仲章は、後白河法皇の院近臣を務めた光遠の子である(生年不詳)。仲章は鎌倉幕府の在京御家人を務めつつ、後鳥羽上皇の近習として兄弟の仲国・仲兼らと共に仕えていた。
建仁3年(1203)、源実朝が兄の頼家に代わって将軍の座に就くと、仲章は鎌倉で実朝の侍読(じどく:貴人に仕えて学問を教授する学者)を担当した。仲章にとっては、願いもしない栄転だった。
当時の鎌倉には学識の高い者がおらず、仲章が京都から招聘されたのはないかと指摘されている。歌人の藤原定家は、仲章が無名であったものの、その学識の高さを認めていたという。
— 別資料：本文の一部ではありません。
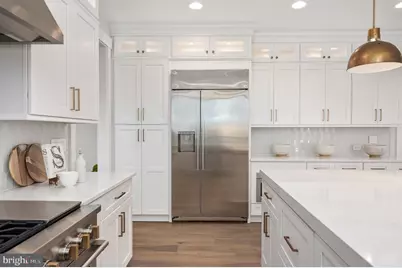 623 Echols Street SE, Vienna, VA 22180 - Photo 11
隠れた人材だったのだ。
■仲章の台頭
仲章は後鳥羽からの信任が厚く、同時に幕府の御家人だったことが有利に作用した。仲章は御所近くに屋敷を構え、相模権守、弾正大弼、大学頭を歴任するなど、大出世を遂げたのである。
建保4年(1216)、仲章は政所別当に任じられ、その2年後には、順徳天皇の侍読を兼ねた。同時に従四位下・文章博士に任じられ、昇殿を許されたのである。これは、異例ともいえる大出世だった。
仲章はその経歴から、二重スパイだったといわれているが、確証があるわけではない。仲章は実朝と後鳥羽を結び付ける危険な存在だったので、鶴岡八幡宮で実朝もろとも殺されたというのだが、この点は慎重な検討を要しよう。
■まとめ
仲章は「人の上に立ちたい」と述べていたが、現実的に可能だったのだろうか。仲章はその深い学識をもって幕府に登用されたが、東国の御家人から支持されたか否かは別の問題である。
仮に、仲章が「人の上に立ちたい」と希望しても、東国に何ら後ろ盾のない仲章が実権を握ることができるとは思えない。したがって、北条義時がそこまで仲章を恐れたのか、極めて疑問である。